[Captioned web images]
※ ※ ※

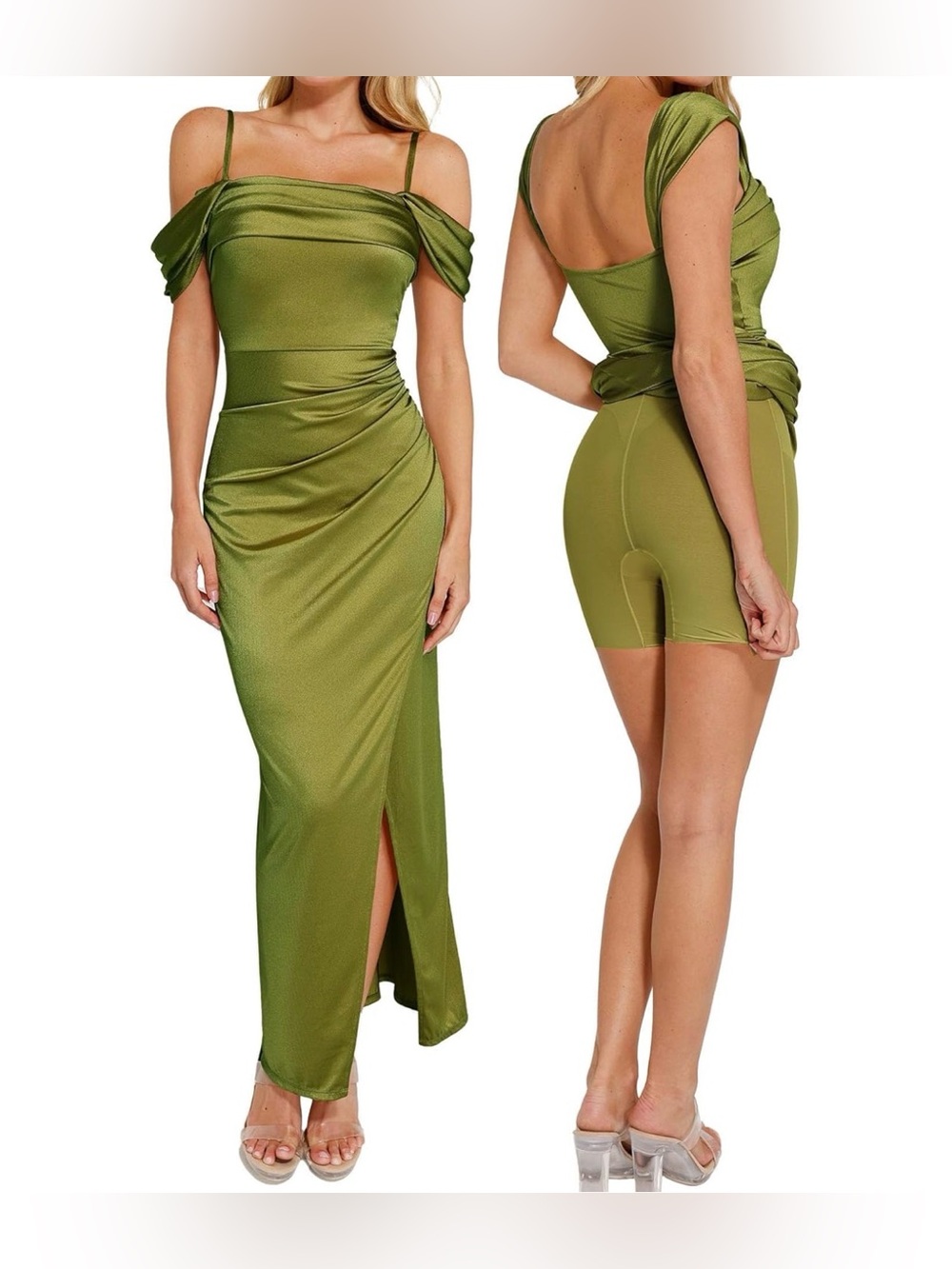 Off-Shoulder Olive Green Satin Maxi Dress XL new
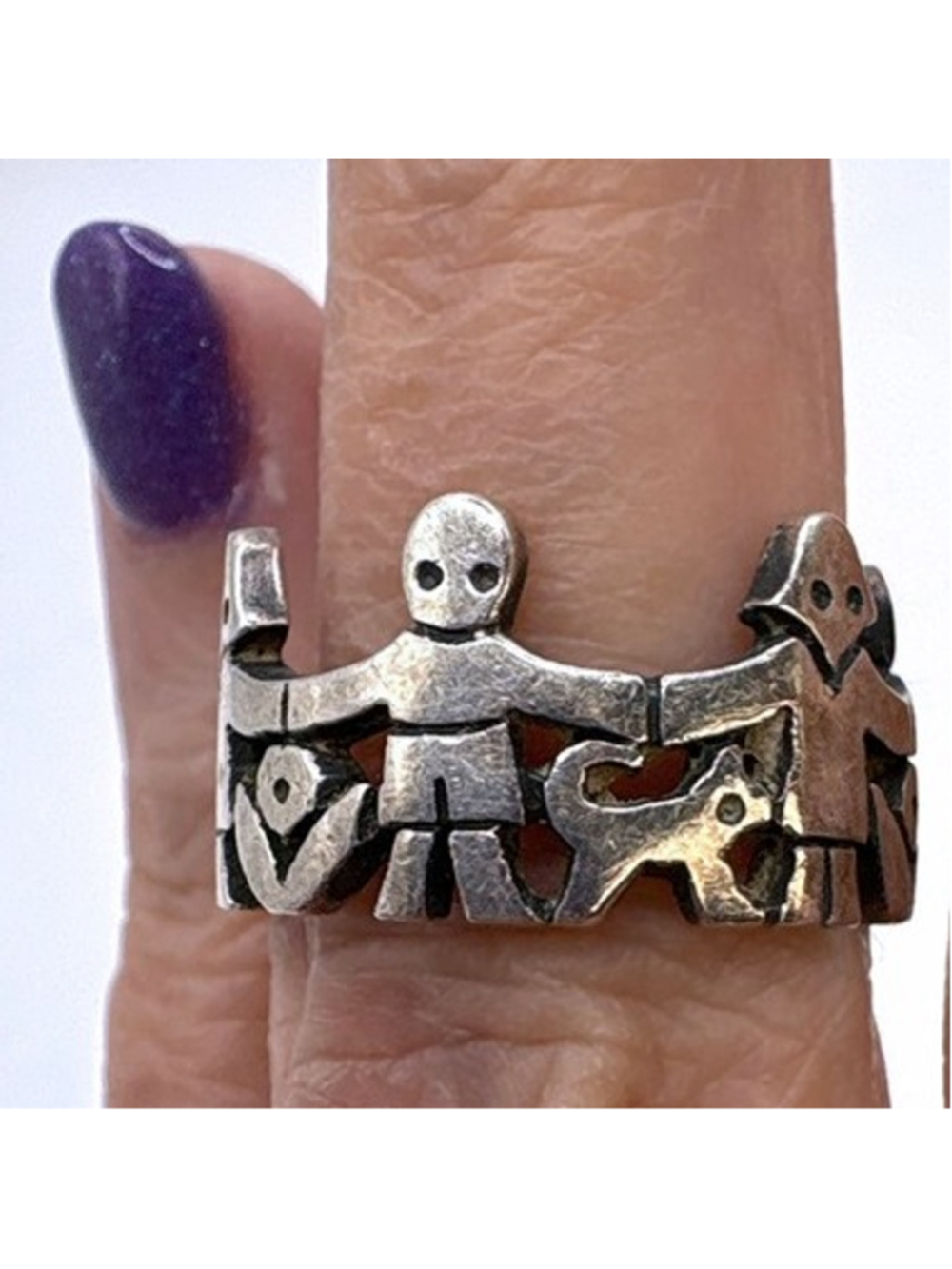 James Avery Retired Paper Doll Ring Sterling Silver Vintage Sz 6.5-7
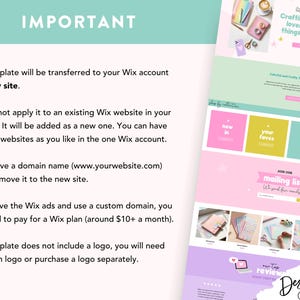 May include: A text-based image with instructions on how to use a Wix website template. The text explains that the template will be transferred to a new Wix account and that a domain name can be moved to the new site. The text also explains that to remove Wix ads and use a custom domain, a Wix plan is required. The text also states that the template does not include a logo and that a logo will need to be purchased separately.
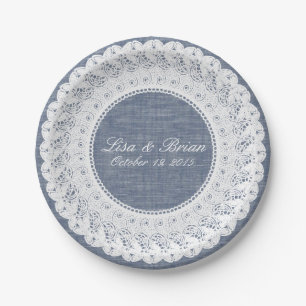 Blauer, Denim & Spitzen-Papierteller Pappteller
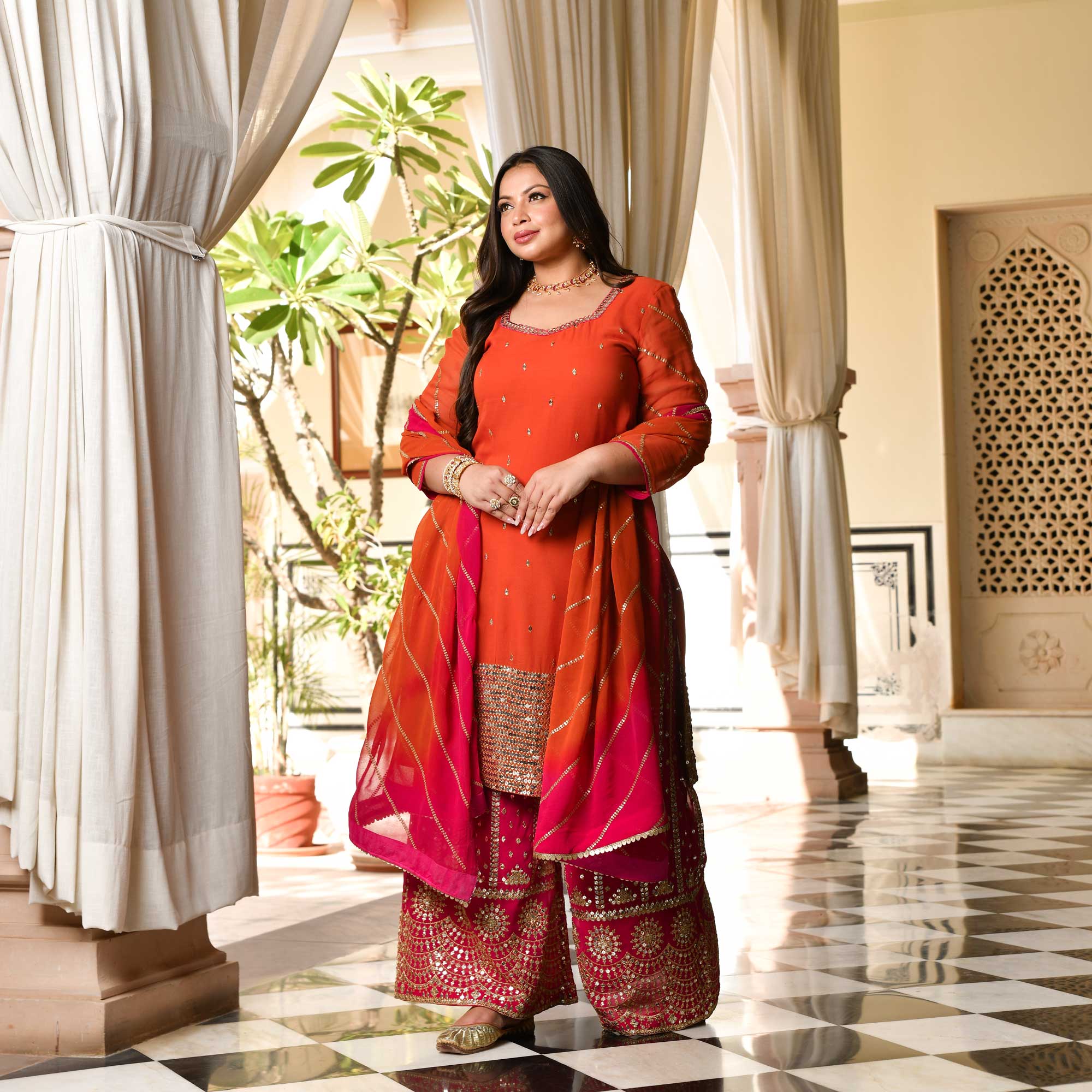 Rani & Rust Sparkle Sequin Embroidered Pure Georgette Suit Set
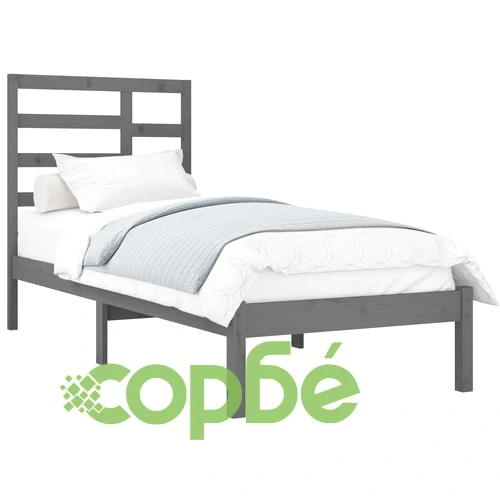 Рамка за легло, сива, дърво масив, 90х200 см ➤ топ цена ➤ sorbe.bg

※ ※ ※

_ACTIVITY_. Retype the records above exactly. Leave the pictures out.

_YOUR SOLUTION_.
 Off-Shoulder Olive Green Satin Maxi Dress XL new
 James Avery Retired Paper Doll Ring Sterling Silver Vintage Sz 6.5-7
 May include: A text-based image with instructions on how to use a Wix website template. The text explains that the template will be transferred to a new Wix account and that a domain name can be moved to the new site. The text also explains that to remove Wix ads and use a custom domain, a Wix plan is required. The text also states that the template does not include a logo and that a logo will need to be purchased separately.
 Blauer, Denim & Spitzen-Papierteller Pappteller
 Rani & Rust Sparkle Sequin Embroidered Pure Georgette Suit Set
 Рамка за легло, сива, дърво масив, 90х200 см ➤ топ цена ➤ sorbe.bg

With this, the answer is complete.